The best part? They’d used the back of the kitchen cabinets to write in magic marker about conspiracy theory book titles and, randomly, “Kombucha”. Kombucha is a probiotic drink, written there like someone was going to rip off the cabinet and take it to the store “Hmm.. what else do I need?”
Thus began the forced remodel/restoration of the cabin, done over 2 long weekends. Here are a few things I’ve taken away from the experience:
- It’s great to have friends– even better to have friends who can do electrical work and carpentry. And even better if they are also skilled in weaponry and defense. The tenants had unsecured assault weapons, so it’s nice when you ask “What if they go for a gun?” and your buddy grins and says “That’s when the fun starts!”
- Those hideous red curtains the tenants kindly left behind make great drop cloths for painting.

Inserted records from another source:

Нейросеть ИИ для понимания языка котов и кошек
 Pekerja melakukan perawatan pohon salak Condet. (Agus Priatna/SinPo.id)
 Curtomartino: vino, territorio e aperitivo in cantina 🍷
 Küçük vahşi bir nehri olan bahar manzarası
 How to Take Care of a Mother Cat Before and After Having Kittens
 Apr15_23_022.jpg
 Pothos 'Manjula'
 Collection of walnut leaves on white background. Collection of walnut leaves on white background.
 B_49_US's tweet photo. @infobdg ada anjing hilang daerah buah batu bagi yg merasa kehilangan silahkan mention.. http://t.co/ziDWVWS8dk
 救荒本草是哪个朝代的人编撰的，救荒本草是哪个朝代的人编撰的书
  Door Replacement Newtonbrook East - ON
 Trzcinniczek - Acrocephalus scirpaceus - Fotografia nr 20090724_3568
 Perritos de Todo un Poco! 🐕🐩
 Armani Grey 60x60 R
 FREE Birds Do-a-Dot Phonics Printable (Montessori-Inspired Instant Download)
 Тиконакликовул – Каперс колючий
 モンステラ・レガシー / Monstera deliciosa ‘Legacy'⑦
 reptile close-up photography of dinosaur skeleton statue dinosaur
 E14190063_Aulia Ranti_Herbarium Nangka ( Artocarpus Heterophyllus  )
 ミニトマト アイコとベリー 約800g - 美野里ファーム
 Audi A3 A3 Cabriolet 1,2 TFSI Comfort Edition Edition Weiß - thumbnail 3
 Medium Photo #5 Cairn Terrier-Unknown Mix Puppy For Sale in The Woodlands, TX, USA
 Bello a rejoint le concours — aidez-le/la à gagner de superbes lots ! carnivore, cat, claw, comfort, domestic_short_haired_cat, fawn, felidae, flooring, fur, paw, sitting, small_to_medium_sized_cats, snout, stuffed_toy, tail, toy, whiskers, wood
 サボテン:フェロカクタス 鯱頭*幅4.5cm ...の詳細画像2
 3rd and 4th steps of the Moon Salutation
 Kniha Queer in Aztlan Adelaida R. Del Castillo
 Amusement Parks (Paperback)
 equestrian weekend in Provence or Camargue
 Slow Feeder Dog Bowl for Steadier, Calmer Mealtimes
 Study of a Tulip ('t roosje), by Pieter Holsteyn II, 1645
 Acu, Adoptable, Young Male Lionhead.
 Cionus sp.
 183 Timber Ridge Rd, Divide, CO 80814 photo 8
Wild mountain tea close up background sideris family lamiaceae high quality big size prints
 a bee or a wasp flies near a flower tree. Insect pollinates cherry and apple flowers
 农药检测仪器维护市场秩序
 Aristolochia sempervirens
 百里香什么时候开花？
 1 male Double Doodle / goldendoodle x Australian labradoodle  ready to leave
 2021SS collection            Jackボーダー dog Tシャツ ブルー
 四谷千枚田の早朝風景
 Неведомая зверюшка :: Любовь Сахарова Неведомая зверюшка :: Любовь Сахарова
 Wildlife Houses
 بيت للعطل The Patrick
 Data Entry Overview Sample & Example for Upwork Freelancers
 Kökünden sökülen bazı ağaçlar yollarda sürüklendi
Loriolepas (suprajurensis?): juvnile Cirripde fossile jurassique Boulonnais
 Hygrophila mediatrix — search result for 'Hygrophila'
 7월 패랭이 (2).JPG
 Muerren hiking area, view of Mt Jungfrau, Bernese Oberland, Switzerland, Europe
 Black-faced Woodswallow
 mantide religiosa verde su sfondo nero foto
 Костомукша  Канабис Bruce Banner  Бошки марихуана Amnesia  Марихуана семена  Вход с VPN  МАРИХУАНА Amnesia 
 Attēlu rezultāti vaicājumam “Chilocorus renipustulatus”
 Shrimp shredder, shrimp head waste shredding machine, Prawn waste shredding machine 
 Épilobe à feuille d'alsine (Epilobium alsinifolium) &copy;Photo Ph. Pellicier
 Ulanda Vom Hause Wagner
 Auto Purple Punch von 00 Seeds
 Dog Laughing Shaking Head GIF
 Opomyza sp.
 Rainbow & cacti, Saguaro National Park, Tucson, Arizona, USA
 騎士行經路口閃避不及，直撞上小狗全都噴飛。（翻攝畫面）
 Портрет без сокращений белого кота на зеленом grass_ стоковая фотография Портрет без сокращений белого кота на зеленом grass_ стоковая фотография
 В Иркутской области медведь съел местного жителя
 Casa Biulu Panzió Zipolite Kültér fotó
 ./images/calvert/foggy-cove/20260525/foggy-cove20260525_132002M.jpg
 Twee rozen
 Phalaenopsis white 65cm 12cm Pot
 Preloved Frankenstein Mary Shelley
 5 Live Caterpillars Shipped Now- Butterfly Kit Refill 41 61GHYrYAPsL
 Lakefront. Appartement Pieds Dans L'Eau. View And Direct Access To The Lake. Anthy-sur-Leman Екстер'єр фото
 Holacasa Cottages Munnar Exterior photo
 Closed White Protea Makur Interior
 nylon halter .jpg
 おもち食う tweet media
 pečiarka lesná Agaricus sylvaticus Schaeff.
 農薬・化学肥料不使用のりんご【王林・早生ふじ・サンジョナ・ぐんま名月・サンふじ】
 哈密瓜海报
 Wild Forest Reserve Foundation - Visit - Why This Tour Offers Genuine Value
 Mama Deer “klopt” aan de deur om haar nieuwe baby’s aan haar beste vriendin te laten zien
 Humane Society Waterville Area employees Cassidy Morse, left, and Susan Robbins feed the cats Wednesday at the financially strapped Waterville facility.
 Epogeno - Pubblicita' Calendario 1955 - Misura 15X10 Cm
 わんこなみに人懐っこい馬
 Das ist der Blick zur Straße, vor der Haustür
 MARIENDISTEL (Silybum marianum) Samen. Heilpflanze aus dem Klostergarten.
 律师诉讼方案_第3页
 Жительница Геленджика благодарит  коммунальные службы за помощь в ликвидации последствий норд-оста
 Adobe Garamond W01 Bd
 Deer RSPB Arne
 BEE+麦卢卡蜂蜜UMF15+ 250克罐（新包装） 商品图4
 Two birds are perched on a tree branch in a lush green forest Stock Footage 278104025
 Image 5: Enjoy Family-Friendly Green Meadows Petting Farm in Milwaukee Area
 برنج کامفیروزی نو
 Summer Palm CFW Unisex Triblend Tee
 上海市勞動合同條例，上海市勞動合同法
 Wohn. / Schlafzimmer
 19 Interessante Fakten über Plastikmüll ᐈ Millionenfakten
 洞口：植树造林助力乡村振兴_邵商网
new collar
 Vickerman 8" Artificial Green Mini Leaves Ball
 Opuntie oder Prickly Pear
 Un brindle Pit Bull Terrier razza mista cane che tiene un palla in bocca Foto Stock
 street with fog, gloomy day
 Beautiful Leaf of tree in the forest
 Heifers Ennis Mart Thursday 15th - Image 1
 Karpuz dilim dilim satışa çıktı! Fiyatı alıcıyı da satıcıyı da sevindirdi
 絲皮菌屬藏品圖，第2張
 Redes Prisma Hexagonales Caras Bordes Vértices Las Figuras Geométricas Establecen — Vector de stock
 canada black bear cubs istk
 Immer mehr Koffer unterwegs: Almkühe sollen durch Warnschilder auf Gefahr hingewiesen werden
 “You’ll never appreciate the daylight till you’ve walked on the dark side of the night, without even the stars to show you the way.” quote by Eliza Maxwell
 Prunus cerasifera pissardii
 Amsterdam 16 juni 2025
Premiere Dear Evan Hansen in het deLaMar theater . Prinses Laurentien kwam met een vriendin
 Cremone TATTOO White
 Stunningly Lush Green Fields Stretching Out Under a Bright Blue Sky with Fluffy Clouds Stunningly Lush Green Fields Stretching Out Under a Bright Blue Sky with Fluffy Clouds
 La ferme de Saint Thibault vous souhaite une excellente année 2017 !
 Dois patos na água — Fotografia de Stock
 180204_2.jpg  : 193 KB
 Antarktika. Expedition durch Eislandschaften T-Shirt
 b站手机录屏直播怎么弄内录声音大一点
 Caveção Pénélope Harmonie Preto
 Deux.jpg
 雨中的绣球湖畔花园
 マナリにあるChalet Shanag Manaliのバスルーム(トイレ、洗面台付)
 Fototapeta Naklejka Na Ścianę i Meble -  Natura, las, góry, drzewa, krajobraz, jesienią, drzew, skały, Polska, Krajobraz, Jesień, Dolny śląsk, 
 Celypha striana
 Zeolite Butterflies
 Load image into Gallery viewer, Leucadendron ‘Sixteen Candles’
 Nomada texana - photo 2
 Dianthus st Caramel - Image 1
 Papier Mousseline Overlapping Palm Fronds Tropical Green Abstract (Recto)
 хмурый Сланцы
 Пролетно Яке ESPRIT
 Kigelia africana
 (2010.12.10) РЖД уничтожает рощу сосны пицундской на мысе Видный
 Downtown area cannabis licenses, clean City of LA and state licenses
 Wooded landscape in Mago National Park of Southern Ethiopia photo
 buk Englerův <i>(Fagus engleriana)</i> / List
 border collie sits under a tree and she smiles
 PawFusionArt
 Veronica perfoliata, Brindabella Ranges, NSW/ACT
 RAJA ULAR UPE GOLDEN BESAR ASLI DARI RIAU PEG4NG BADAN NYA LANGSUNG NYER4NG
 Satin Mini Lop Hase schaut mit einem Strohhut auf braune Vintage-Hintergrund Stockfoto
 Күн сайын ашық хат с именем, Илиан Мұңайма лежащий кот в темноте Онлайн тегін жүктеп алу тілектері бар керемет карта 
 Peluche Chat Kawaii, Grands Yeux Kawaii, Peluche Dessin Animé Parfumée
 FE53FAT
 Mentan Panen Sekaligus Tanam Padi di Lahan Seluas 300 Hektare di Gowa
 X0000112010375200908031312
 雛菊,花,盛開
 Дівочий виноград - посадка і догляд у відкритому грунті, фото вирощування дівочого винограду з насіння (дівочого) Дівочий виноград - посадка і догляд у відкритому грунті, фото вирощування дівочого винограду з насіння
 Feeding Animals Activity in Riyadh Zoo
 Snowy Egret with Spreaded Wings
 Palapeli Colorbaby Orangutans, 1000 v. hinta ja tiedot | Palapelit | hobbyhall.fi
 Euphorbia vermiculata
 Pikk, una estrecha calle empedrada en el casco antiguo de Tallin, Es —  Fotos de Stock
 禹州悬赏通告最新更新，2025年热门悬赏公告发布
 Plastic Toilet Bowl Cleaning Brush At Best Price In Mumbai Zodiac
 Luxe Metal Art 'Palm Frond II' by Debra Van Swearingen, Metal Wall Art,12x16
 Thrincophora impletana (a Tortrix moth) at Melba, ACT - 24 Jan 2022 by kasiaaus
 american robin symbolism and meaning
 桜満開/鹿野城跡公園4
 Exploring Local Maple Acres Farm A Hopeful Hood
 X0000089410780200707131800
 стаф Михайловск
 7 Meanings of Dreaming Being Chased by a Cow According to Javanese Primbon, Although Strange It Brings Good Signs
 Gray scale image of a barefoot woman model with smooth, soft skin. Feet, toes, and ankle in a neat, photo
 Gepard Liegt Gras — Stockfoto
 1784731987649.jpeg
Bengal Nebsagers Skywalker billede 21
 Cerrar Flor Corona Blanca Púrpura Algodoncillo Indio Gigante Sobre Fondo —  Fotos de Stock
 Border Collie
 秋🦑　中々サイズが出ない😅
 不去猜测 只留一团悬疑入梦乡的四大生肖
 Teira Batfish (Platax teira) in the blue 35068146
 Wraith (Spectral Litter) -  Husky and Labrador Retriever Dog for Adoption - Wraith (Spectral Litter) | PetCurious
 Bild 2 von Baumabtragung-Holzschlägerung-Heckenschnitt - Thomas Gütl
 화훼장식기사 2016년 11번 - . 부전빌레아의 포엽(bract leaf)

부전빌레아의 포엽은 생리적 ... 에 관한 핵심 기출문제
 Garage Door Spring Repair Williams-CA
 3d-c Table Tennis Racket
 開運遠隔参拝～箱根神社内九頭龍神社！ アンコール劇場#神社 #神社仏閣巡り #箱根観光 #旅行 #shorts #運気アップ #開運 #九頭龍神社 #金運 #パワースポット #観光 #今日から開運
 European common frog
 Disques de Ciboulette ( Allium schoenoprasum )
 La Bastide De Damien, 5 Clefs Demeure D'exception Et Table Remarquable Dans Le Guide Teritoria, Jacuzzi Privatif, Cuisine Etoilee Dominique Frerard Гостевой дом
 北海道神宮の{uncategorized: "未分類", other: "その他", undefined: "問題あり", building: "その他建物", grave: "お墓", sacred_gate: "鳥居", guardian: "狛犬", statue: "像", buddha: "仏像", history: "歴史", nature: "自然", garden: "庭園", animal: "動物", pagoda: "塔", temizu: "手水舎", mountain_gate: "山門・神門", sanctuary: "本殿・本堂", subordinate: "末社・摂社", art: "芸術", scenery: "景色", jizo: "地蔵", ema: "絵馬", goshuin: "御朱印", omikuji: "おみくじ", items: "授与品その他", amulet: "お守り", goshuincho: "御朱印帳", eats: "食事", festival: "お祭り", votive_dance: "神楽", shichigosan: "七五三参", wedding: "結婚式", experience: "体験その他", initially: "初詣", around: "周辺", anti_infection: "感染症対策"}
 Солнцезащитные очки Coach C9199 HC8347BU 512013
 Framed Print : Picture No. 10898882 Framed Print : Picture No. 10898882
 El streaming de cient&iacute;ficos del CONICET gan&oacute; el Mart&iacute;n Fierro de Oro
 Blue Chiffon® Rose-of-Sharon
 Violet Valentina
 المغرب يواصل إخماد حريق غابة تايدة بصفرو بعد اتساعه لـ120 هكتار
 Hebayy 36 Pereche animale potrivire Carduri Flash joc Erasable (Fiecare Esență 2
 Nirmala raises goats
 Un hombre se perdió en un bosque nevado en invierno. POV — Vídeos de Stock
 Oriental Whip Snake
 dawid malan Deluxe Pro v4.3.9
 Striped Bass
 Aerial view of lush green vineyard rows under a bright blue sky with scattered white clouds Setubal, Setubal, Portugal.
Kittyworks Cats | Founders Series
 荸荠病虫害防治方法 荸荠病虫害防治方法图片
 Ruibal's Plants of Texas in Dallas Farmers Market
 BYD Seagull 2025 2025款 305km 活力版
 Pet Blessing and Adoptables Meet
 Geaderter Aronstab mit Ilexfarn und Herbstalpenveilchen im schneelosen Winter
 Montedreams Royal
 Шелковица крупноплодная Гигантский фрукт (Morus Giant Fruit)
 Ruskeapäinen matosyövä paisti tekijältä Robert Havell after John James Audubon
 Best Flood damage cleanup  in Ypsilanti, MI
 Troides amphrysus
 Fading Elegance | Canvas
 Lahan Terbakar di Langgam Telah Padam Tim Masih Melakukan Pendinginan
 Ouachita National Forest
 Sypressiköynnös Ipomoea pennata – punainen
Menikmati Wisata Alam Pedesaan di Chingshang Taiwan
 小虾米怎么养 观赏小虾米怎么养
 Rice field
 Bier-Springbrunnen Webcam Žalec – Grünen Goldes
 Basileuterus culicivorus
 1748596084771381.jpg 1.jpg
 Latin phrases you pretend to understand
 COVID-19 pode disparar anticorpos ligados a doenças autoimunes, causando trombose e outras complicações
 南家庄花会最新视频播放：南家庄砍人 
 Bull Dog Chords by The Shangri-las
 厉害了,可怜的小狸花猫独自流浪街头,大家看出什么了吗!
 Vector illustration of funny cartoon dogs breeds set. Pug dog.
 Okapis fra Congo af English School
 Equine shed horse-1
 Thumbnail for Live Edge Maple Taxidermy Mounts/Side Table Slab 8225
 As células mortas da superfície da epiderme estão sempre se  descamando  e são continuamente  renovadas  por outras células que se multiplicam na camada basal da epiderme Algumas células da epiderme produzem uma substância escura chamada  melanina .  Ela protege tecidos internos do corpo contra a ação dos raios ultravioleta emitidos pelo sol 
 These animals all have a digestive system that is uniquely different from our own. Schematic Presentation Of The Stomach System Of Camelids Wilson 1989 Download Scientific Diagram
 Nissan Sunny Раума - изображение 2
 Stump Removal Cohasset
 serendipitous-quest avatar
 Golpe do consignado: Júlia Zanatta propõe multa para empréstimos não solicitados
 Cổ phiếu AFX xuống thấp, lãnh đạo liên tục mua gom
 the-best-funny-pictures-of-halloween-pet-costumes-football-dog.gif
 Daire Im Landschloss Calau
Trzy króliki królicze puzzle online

- There is a thing called “Mountain Time.” Do you believe you don’t get much accomplished? Californians operate at the speed of sound and maybe we should slow down, take time to tell stories and reminisce. I’m not sure, however, if it’s a good thing to do when a customer is waiting to ask a question and you’re a Home Depot or Lowe’s employee. I did, however, become well known enough there that I had groupies.
- You can get a lot done in between screaming.
- The local people know things– like how maybe your tenants might have been smoking a controlled substance. Hmm…that explains a lot.
- Painter’s tape was invented by a demon from that special part of Hell that makes it rip into shreds or come off in jagged pieces, particularly when you’re tired and want to finish.
- To the electricians who, over the years, put 10 1/2 pounds of electrical crap in half ounce holes– if you are dead, my friends and I would like to dig you up and shoot you.
- Taking time to look at paint samples on the walls is for pussies. Pick some colors from cardboard examples, buy the stuff and rock on.
- Your problems aren’t really as bad as they seem. I hired a painter who told me about his life, how he’d been thrown out of the house at 13 because his dad didn’t think he was his father and he had to live on the streets. He also he has a son with cerebral palsy.
- My dad used to say “My wants are many, but my needs are few.” I learned all I needed was a pot to boil water for tea, a bucket of KFC and a few hours of sleep.
In the end, the cabin has been restored, rejuvenated and reawakened- ready for a new chapter. We did a lot in six days:
Even though it was emotionally hard to put a fresh coat of paint over those sticky fingerprints, this story is once again on its way to a happy ending…after urinalysis and a modern day version of the Spanish Inquisition for the next proposed tenants.